Reputation: 285
I have a text file that my script is reading and getting the most frequent words from. However, at one point in the process of doing that, during the clean-up of the source text, it cannot handle accented characters (in this case, they are áéíóöőúüű).
This is what I have at the moment.
str = re.sub(r'\W+', ' ', str)
This simply deletes the accented characters. I have tried adding flags=re.U
, but it just messed up the result in a different way. I suspect there is a simple way to solve my problem and I have looked for it, but haven't been successful and so I turn to you.
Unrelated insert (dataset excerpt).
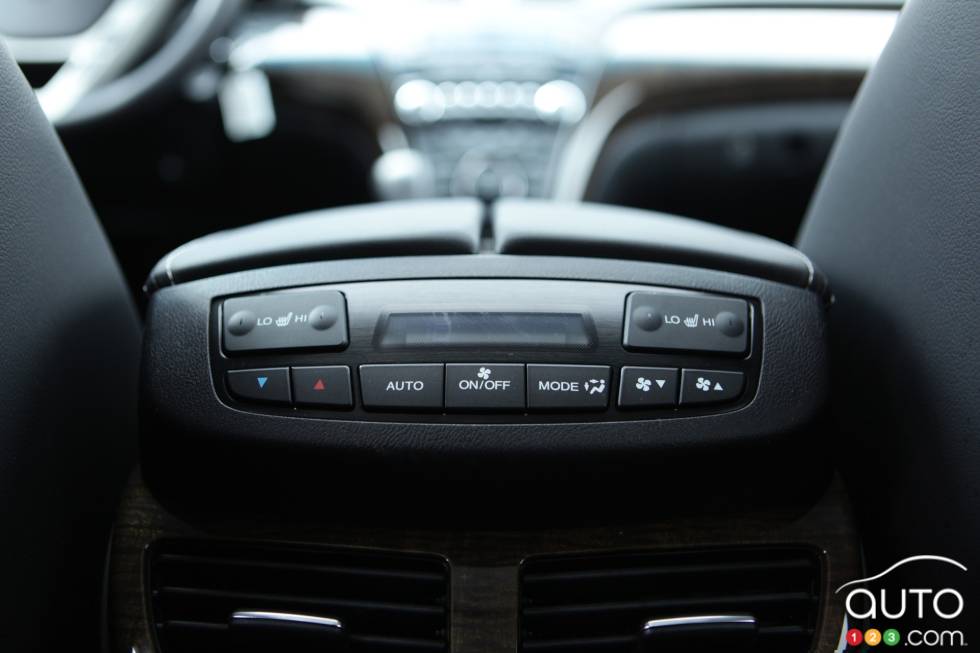 Rear air conditionning controls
Thanks in advance.
Upvotes: 3
Views: 1647
Reputation: 626870
You need to use the right modifier:
str = re.sub(ur'\W+', u' ', s, flags=re.UNICODE)
^^^^^^^^^^
See Python 2.x docs:
Make the
\w
,\W
,\b
,\B
,\d
,\D
,\s
and\S
sequences dependent on the Unicode character properties database. Also enables non-ASCII matching for IGNORECASE.
Here is an online Python 2.7 demo:
import re
s = u"characters (in this case, they are áéíóöőúüű)."
res = re.sub(ur'\W+', u' ', s, flags=re.UNICODE).encode("utf8")
print(res) # => characters in this case they are áéíóöőúüű
Upvotes: 3